Ainda na infância, Amin Nawabi fugiu do Afeganistão com alguns de seus familiares. Hoje ele é um acadêmico bem-sucedido e prestes a se casar com seu namorado, Kasper, contudo seu passado doloroso de fuga ainda o atormenta. Por isso, decide revisitar os eventos que tiraram dele o seu lar.

(© Diamond/Galeria / Divulgação)

Escrito pelo próprio Amin Nawabi juntamente do diretor Jonas Poher Rasmussen, o longa parte de uma premissa de confronto. Todavia, não se trata de um confronto com o outro, mas consigo mesmo: Amin se dispõe a confrontar o seu passado para assim ter um futuro. Desse modo, o texto caminha por dois períodos (pretérito e presente diegético) para costurar uma narrativa focada na trajetória de seu protagonista, contudo sem isolá-lo de seu contexto histórico e de suas particularidades.
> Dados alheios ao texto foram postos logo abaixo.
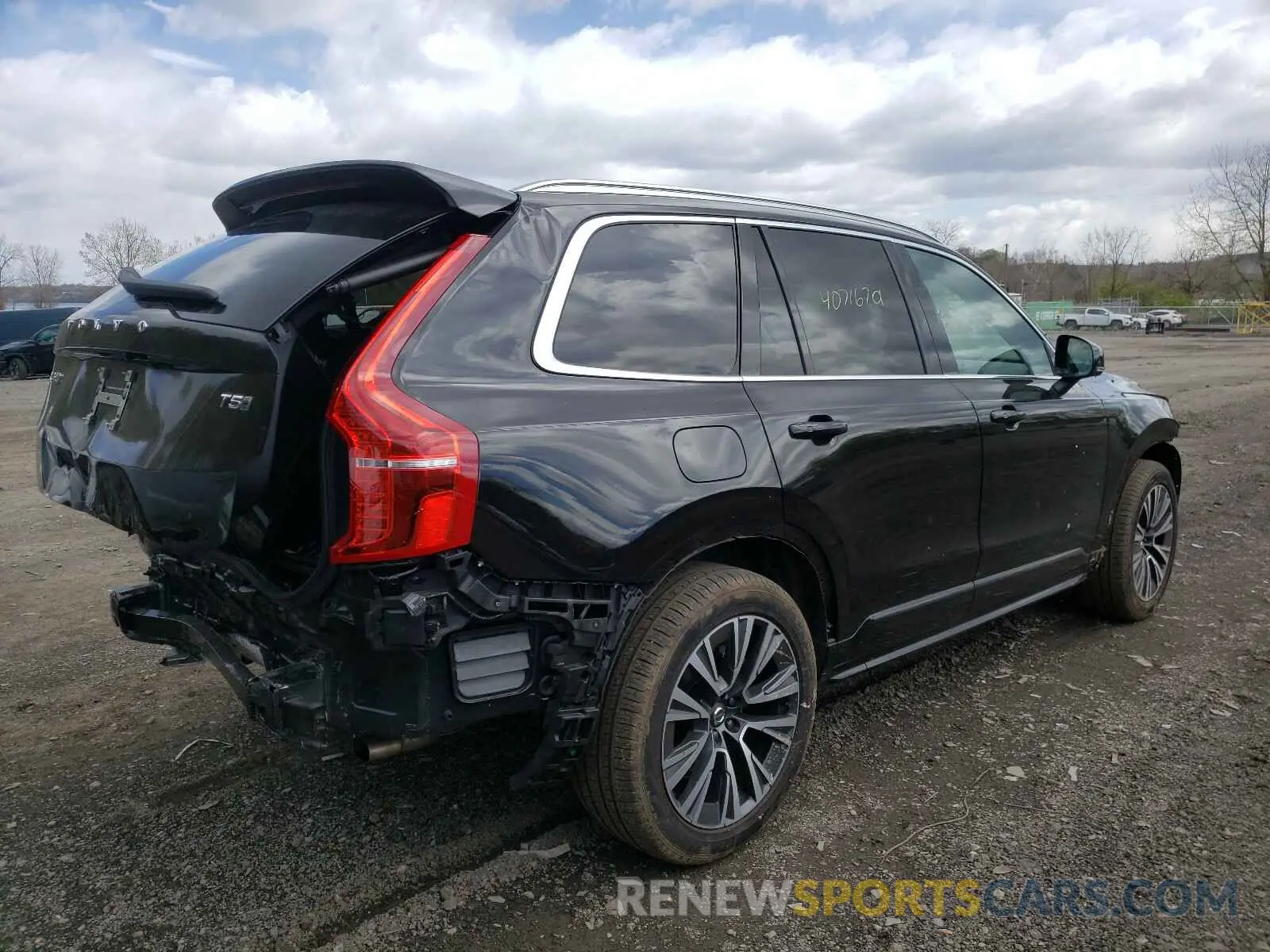 4 Photograph of a damaged car YV4102PK5L1619583 VOLVO XC90 2020
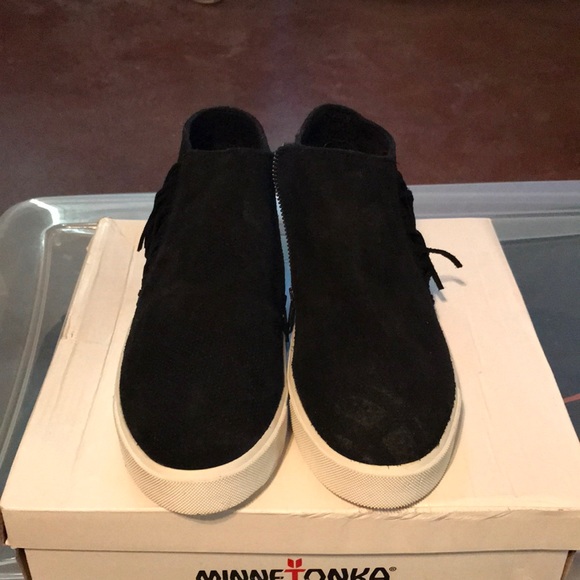 minnetonka gwen bootie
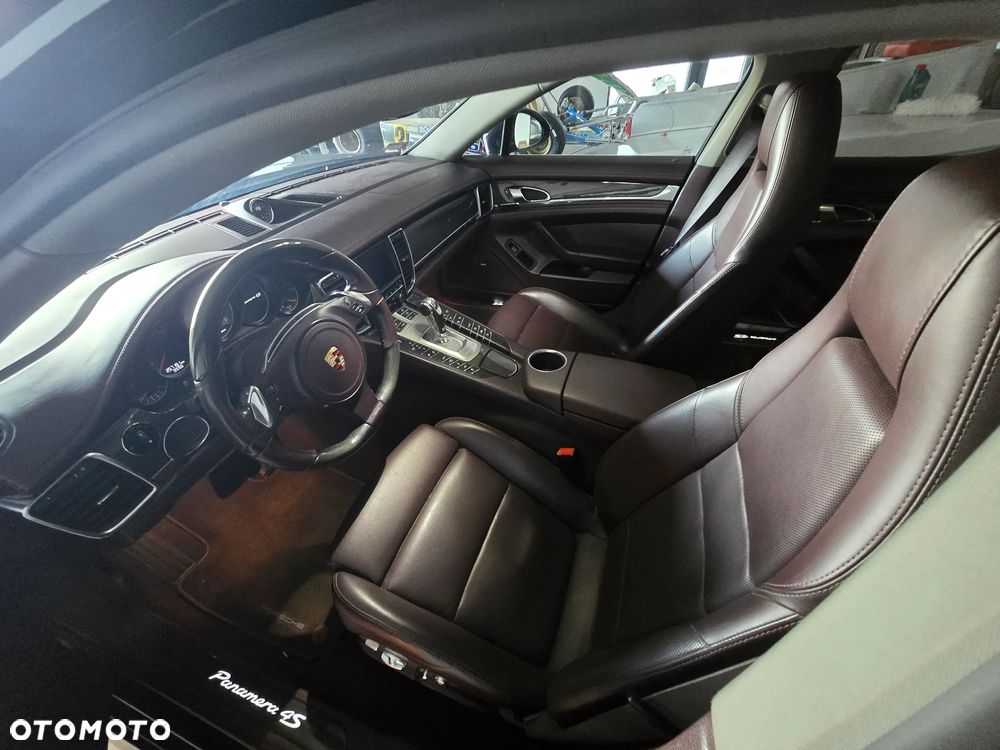 Porsche Panamera 4S - 9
No contexto histórico, tudo começa com a Cabul da virada dos anos 1970 para 1980, prosseguindo para a Moscou pós-comunismo. Para fortalecer o lado documental do longa, Rasmussen cria uma obra majoritariamente animada, inserindo recortes históricos meramente ilustrativos (como ao mostrar o mercado em Moscou). É importante saber a realidade em que Amin vivia desde a infância porque isso explica, em parte, seu comportamento. Mais especificamente, a dificuldade em aceitar-se homossexual é fruto de uma cultura em que a homossexualidade é digna da maior reprovação – o que explica inclusive o receio da reação da família. Usar um vestido feminino era brincadeira infantil; sentir-se atraído por uma musculosa estrela de filmes de ação, um segredo absoluto.
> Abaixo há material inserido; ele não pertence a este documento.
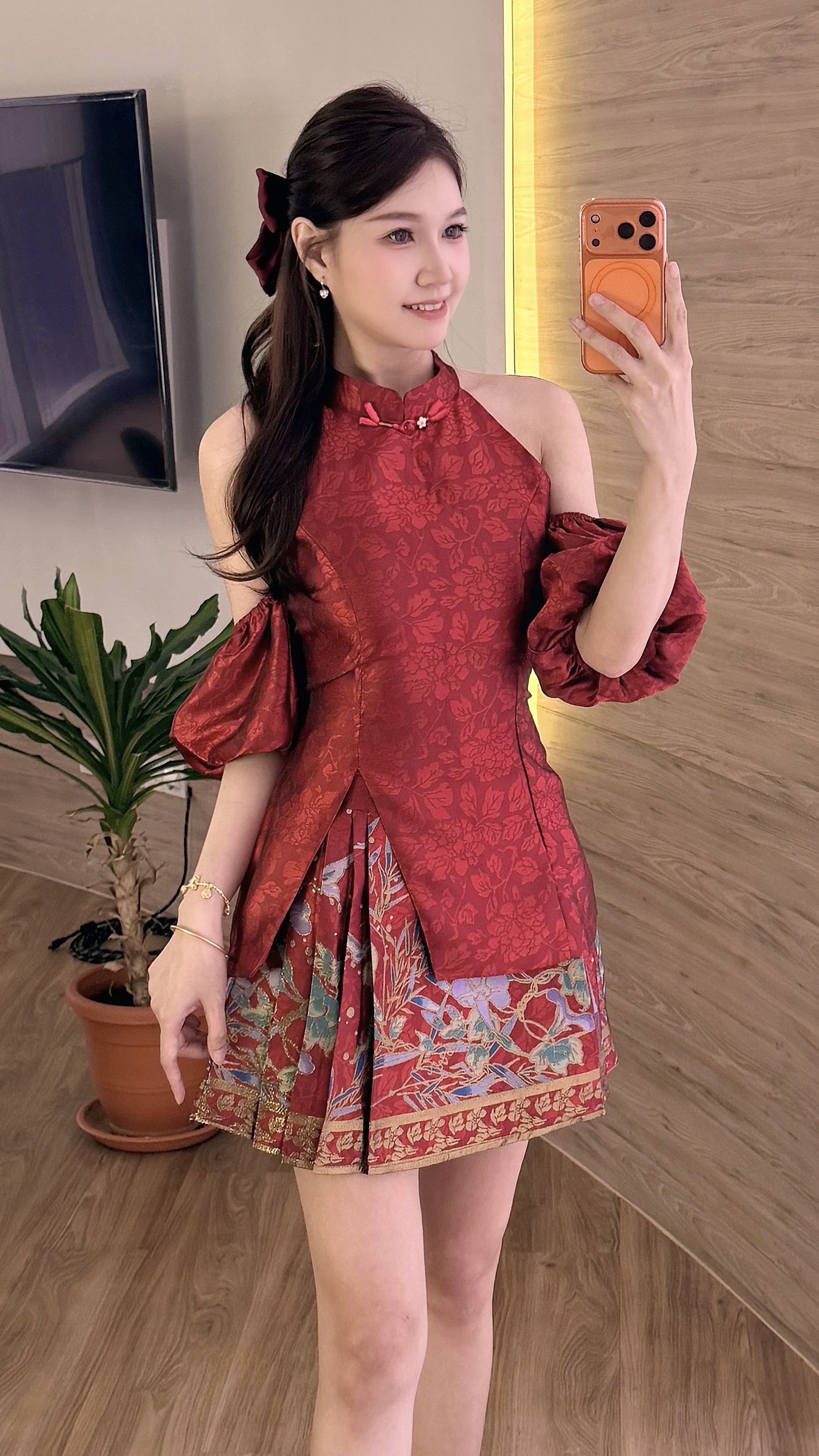 Crimson Oriental Set Wear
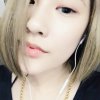 手比爱心的头像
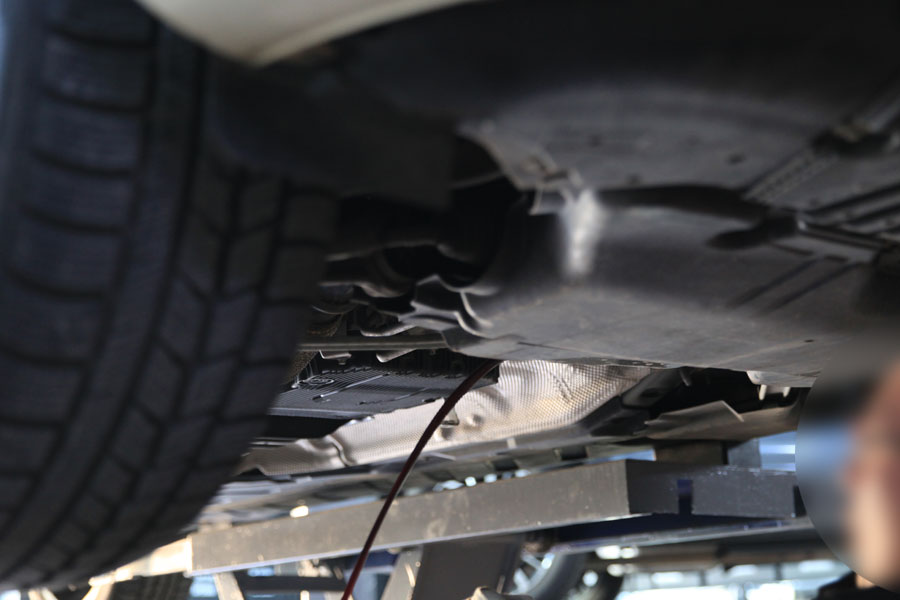 광교에서 오신 고객분의 벤츠 E300 합성유 교체 작업기 3 003 IMG 8415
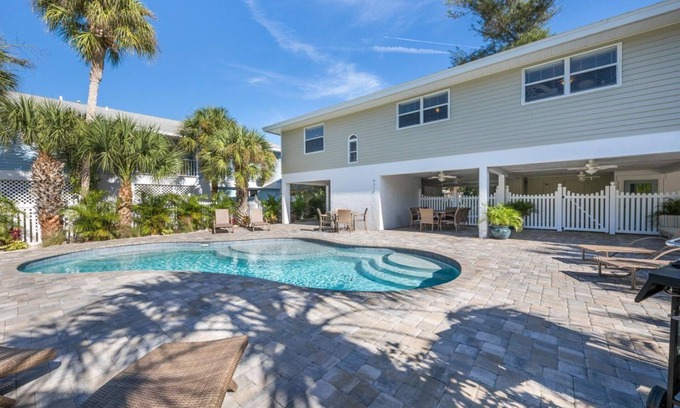 Siesta Key House | Sea Esta | Walking Distance to Siesta Key Beach & Village w/Heated Pool & Outdoor Dining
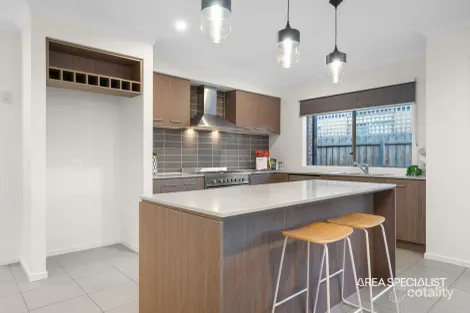 Property photo of 4 Mapleton Boulevard Melton South VIC 3338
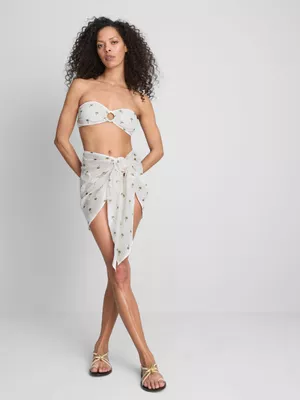 Top de bikini bandeau con palmeras Paula Echevarría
O que é fincado na realidade geral (condições sociopolíticas dos locais onde Amin morou) é demonstrado pelas imagens de arquivo, porém mesmo na animação o aspecto documental está presente. No presente diegético, Amin é entrevistado e narra, em primeira pessoa, aspectos da sua vida, em cenas típicas de um documentário biográfico (até mesmo pelo enquadramento em primeiro plano). O longa ganha um ar ficcional quando mostra o que há de mais sombrio do passado do protagonista (em geral, eventos dos quais ele tem conhecimento, mas não presenciados por ele), em cenas nas quais a animação perde suas cores e se torna bem menos detalhista, tornando-se, do ponto de vista imagético, relativamente abstrata e um pouco aterrorizadora.
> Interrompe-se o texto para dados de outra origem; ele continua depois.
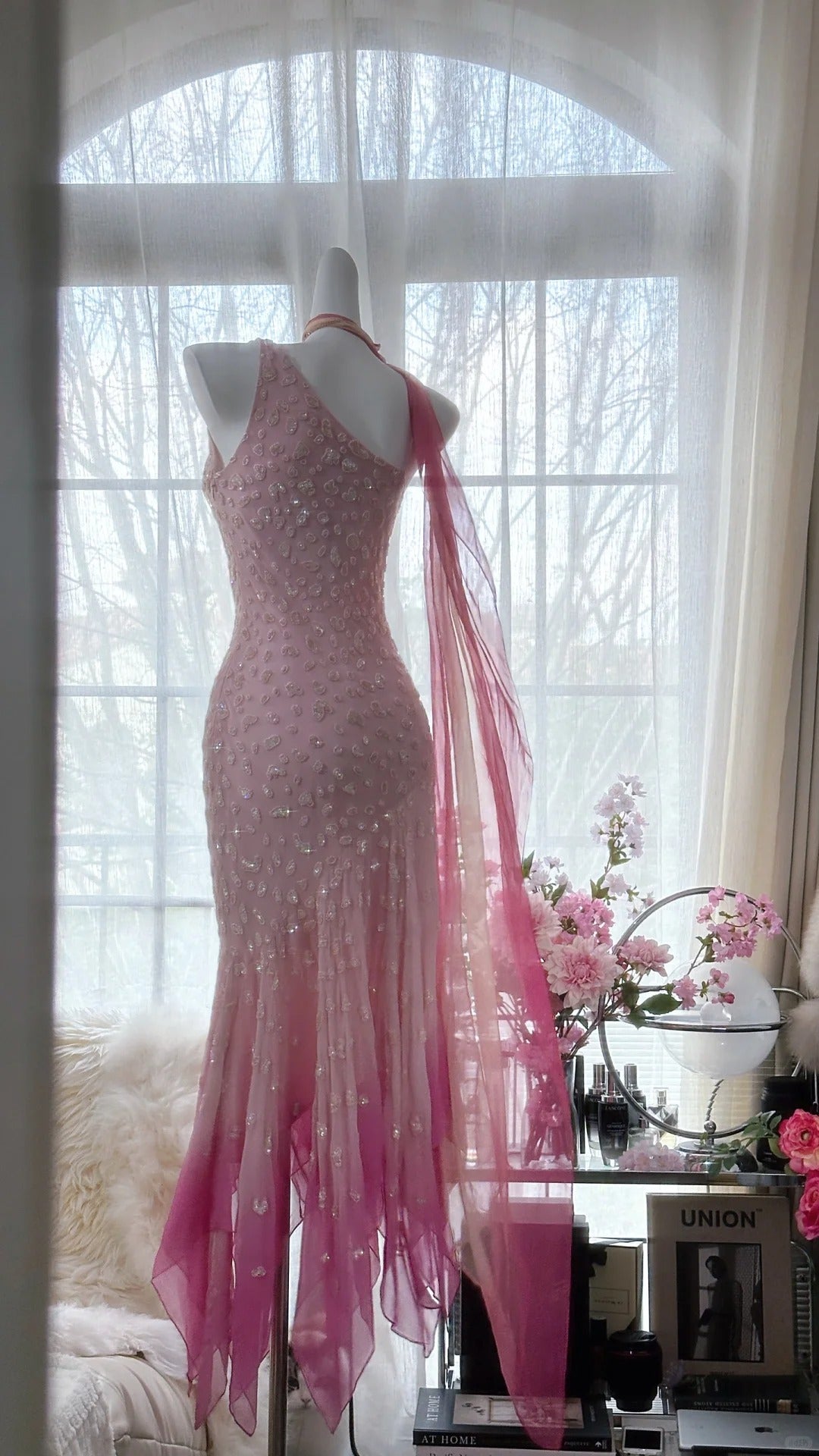Robe de soirée asymétrique sans manches en mousseline de soie rose à fines bretelles, style sirène féerique, pour bal de promo MP984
Mesmo com as imagens de arquivo e a animação sombria, o que prevalece é uma animação 2D mais naturalista. O desenho tem traços fortes e personalidade, sem licenças para tornar a realidade mais simpática (ou seja, é mais fidedigna em relação ao real, sem infantilizar graficamente o que retrata). Há muitas vantagens no uso da técnica (de animação), como a desnecessidade de usar atores parecidos para os papéis (por exemplo, as versões infantil e adulta de Amin), já que bastam as vozes. Outro benefício é o espaço deixado para a narrativa exercer, por si mesma, os efeitos dramáticos que dela decorrem. O trabalho de dublagem auxilia na dramaticidade (assim como o lirismo da trilha musical instrumental), mas é a própria trajetória de Amin que emociona o público.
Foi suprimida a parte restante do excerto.